Re: Consider Parallelism While Planning For REFRESH MATERIALIZED VIEW

From: Thomas Munro <thomas(dot)munro(at)gmail(dot)com>
To: Bharath Rupireddy <bharath(dot)rupireddyforpostgres(at)gmail(dot)com>
Cc: Luc Vlaming <luc(at)swarm64(dot)com>, PostgreSQL Hackers <pgsql-hackers(at)lists(dot)postgresql(dot)org>
Subject: Re: Consider Parallelism While Planning For REFRESH MATERIALIZED VIEW
Date: 2021-03-17 02:08:01
Message-ID: CA+hUKG+A_A6=yFv-QJw0w-7jk6iNT=Vks5+_a-xUeE9ud8Wr8w@mail.gmail.com
Views: Raw Message | Whole Thread | Download mbox | Resend email
Thread:
Lists: pgsql-hackers

On Tue, Mar 16, 2021 at 2:41 PM Thomas Munro <thomas(dot)munro(at)gmail(dot)com> wrote:
> On Mon, Mar 15, 2021 at 8:25 PM Bharath Rupireddy
> <bharath(dot)rupireddyforpostgres(at)gmail(dot)com> wrote:
> > > > The problem with a case like REFRESH MATERIALIZED VIEW is that there's
> > > > nothing to prevent something that gets run in the course of the query
> > > > from trying to access the view (and the heavyweight lock won't prevent
> > > > that, due to group locking). That's probably a stupid thing to do,
> > > > but it can't be allowed to break the world.
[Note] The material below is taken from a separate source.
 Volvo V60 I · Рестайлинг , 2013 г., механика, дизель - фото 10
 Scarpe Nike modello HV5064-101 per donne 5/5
The other cases are safe
> > > > from that particular problem because the table doesn't exist yet.
> >
> > Please correct me if my understanding of the above comment (from the
> > commit e9baa5e9) is wrong - even if the leader opens the matview
> > relation in exclusive mode, because of group locking(in case we allow
> > parallel workers to feed in the data to the new heap that gets created
> > for RMV, see ExecRefreshMatView->make_new_heap), can other sessions
> > still access the matview relation with older data?
> >
> > I performed below testing to prove myself wrong for the above understanding:
> > session 1:
> > 1) added few rows to the table t1 on which the mv1 is defined;
> > 2) refresh materialized view mv1;
> >
> > session 2:
> > 1) select count(*) from mv1; ---> this query is blocked until
> > session 1's step (2) is completed and gives the latest result even if
> > the underlying data-generating query runs select part in parallel.
> >
> > Is there anything I'm missing here?
>
> I think he was talking about things like functions that try to access
> the mv from inside the same query, in a worker. I haven't figured out
> exactly which hazards he meant. I thought about wrong-relfilenode
> hazards and combocid hazards, but considering the way this thing
> always inserts into a fresh table before performing merge or swap
> steps later, I don't yet see why this is different from any other
> insert-from-select-with-gather.

I asked Robert if he had some hazard in mind that we haven't already
discussed here when he wrote that, and didn't recall any. I think
we're OK here.

I added the "concurrently" variant to the regression test, just to get
it exercised too.

The documentation needed a small tweak where we have a list of
data-writing commands that are allowed to use parallelism. That run
of sentences was getting a bit tortured so I converted it into a
bullet list; I hope I didn't upset the documentation style police.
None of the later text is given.